Andy,
Thanks very much for your response.
No worries about raining on my parade. Your feedback is exactly what I'm
looking for -- praise is nice, but I really do prefer to have the
experts throwing rocks at my naive ideas :)
Please see my comments embedded below.
Steve
----- Original Message -----
From: "Andy Colson" <andy@xxxxxxxxxxxxxxx>
To: "Steve Petrie, P.Eng." <apetrie@xxxxxxxxxxxx>;
<pgsql-general@xxxxxxxxxxxxxx>
Sent: Thursday, January 07, 2016 10:17 PM
Subject: Re: Question -- Session Operations - Feasibility Of
Proposed Synchronization Method?
On 01/07/2016 06:30 PM, Steve Petrie, P.Eng. wrote:
Thanks to forum members for the four helpful replies, to my earlier
message that initiated this thread.
The replies expressed concerns, with the feasibility of my proposal
to use postgres tables to store short-lived context data, for dialog
continuity during website app transient sessions, with visitor
browsers over modeless HTTP connections.
Hope the four emails I sent in response (5 January 2016), went some
way to satisfying the concerns expressed.
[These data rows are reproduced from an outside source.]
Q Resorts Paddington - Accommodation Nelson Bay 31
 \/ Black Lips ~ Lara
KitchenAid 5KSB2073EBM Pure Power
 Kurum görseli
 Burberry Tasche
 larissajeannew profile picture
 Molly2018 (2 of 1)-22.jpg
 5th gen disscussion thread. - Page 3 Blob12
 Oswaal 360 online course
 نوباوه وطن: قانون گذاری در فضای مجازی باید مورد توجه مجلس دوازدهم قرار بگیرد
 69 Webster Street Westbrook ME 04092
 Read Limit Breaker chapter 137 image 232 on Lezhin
Here is a list of the issues discussed, in the dialog mentioned
above:
1. "Session" defined;
2. Avoid row DELETEs;
3. Periodically TRUNCATE each table in a pool of session context
tables;
4. Embed a session ID key parameter in an HTML "hidden" field
(optional);
5. Use sequence generators as rapid global iterators controlling
access to session context tables;
<SNIP>
Thanks to forum members for taking the time to read my email.
This feels hugely overcomplicated.
I agree. It is complicated.
But I believe it's the minimum functionality required to both: 1. avoid
using the <row DELETE ... / table AUTOVACUUM / table VACUUM> approach,
to recycling "dead" session context row image storage space back to the
filesystem, and 2. enable use of the much faster TRUNCATE command on an
entire "dead" session context table..
I also didn't read most of the last thread, so forgive me if you've
answered this already: How many website requests a second (that
actually need to touch session data) are you expecting? How much
space is the session data going to take? (like, 5 Gig a day?)
Every incoming request to the website for non-static content, needs to
touch (INSERT or SELECT + UPDATE) the corresponding session context row.
That row is where the transient continuity context for the app session
dialog, gets stored, between request <i> and request <i+1> coming
in from the browser driving that app session.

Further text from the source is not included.